In his 3/8/17 article, “Rising cost of data breaches to $2.1 trillion by 2019…” Luke Irwin of IT Governance ominously wrote: “[W]e found an astounding figure of 3.1 billion records leaked in 2016, conservatively. We also discovered an infiltration of law firms’ email worth $4 million stolen [and] data breaches anticipated to be at 2.1 trillion by 2019, in less than 2 years from now.”
In the first half of 2018, an estimated 2.6 billion data records were hacked. This involved 2,308 breaches that resulted in public disclosure of 2.6 billion user documents. Though this was far less than Irwin predicted, it was nothing to celebrate and may not have captured the full extent of the Asian data breaches he included in his count. In other words, it may seem less than projected because we’re comparing apples to oranges. But no matter how you slice it, the number of data breaches is staggering.
Today, as of the very moment of this post, the Global Breach Level Index (a ticker-counter of the latest up-to-the-second breaches), reveals that 14,717,618,286 records have been lost or stolen since 2013. This too is a staggering number. And though most of these reported breaches presumably have been stopped, that’s still an incomprehensible volume of information exposed and never to be recaptured (my guess: if printed, it would fill all the stadiums in America).
This translates to 6,489,250 records being compromised every day, 270,385 every hour, 4506 every minute, and 75 every second. The world is a literal battlefield of cyberattacks, and when you pause to think about it – well, that’s what it is, isn’t it? A global, intergalactic battlefield of cyberattacks, and law firms are manning the beachheads for thousands of businesses operating in multiple states and multi-nationally…where it is all happening secondly.
Lost in these harrowing statistics, however, is a simple fact: literally trillions of pages of data have been hacked and already exposed, including an unfathomable amount of privileged, proprietary, confidential and private information from emails, multiple-platform messaging, MS Docs, and PDFs. All of this information is still, theoretically and practically, out there, most of it never to be retrieved. This alone raises the prospect of a/ privilege waiver -- on a massive scale, b/ breach of ABA obligations – on a massive scale, c/ legal exposure (for the company and the law firm) – on a massive scale, and d/ future malicious use – on a…

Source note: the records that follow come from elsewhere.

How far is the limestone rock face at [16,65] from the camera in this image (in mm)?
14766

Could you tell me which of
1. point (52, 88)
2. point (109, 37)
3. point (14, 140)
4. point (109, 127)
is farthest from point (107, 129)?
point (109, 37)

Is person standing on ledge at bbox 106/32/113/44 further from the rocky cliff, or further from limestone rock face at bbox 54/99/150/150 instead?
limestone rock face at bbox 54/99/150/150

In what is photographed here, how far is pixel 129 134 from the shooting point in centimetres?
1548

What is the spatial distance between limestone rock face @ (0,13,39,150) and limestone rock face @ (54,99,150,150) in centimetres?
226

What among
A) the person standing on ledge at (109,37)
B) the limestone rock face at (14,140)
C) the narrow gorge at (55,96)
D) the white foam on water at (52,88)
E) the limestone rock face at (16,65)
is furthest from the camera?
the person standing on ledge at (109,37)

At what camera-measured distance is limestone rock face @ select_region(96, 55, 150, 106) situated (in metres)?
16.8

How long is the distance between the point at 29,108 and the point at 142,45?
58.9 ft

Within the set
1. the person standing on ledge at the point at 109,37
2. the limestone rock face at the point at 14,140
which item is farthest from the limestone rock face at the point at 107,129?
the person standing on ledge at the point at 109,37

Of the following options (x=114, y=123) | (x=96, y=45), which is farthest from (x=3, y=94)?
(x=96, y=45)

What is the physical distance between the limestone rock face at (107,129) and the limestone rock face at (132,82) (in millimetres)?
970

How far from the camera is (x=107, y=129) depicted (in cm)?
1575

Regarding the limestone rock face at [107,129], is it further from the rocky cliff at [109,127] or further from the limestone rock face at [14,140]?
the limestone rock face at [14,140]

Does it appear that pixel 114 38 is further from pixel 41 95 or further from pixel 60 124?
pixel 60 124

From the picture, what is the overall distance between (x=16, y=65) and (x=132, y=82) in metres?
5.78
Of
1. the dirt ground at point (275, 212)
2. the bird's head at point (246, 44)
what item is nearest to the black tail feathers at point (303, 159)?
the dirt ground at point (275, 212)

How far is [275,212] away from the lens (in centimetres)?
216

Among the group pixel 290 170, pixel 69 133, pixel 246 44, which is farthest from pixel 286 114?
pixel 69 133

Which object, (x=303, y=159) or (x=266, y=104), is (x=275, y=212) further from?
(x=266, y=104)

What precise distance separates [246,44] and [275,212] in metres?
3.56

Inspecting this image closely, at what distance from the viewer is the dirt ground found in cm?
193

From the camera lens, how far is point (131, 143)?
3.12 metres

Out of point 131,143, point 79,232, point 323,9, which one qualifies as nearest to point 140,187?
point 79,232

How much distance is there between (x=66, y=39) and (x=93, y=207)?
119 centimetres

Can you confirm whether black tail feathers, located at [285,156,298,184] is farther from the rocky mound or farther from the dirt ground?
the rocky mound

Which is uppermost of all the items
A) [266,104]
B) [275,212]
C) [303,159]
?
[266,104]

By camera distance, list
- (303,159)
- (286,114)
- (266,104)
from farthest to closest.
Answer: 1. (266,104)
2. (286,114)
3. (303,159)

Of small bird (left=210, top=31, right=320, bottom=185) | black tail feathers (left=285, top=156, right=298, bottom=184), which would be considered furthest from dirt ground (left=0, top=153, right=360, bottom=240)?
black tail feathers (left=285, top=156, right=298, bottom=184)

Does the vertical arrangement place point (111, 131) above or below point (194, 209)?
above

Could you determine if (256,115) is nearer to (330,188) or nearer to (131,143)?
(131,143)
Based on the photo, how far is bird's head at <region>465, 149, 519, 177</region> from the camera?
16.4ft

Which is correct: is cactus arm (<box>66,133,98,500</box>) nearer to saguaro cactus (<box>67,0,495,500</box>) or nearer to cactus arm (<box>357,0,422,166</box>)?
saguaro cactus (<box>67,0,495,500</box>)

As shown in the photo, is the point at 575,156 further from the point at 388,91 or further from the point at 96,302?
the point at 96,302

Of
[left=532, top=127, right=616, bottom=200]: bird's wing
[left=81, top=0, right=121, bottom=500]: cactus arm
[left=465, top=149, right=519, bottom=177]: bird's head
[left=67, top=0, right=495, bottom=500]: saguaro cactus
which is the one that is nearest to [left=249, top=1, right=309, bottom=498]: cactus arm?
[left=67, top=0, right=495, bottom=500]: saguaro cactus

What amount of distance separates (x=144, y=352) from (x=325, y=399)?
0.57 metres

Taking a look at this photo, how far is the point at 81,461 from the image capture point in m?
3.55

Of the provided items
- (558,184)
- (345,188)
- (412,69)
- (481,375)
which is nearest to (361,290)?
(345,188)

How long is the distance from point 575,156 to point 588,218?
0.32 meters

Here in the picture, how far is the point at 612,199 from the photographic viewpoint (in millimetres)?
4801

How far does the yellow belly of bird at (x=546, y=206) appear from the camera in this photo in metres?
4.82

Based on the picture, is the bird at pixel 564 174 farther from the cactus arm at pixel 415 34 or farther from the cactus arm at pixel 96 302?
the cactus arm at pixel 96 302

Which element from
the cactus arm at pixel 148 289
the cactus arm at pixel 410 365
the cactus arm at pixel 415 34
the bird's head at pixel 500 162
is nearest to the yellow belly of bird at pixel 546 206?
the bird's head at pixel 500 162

Here’s proof in the so-called pudding. As recently as 1/17/19, Alex Hern, writing for the UK Guardian Technology page, reported that the largest collection EVER of breached data had been discovered just last December. It was reported a windfall of 770 million email addresses and passwords that had been uploaded to a hacking website well known to, well, hackers, Tor browsers freaks, and black market travellers. This amounted to about 87 gigabytes (87,000,000,000 bytes) of a data presumably aggregated from multiple data breaches from thousands of sources (not just a single-fell-swoop hack).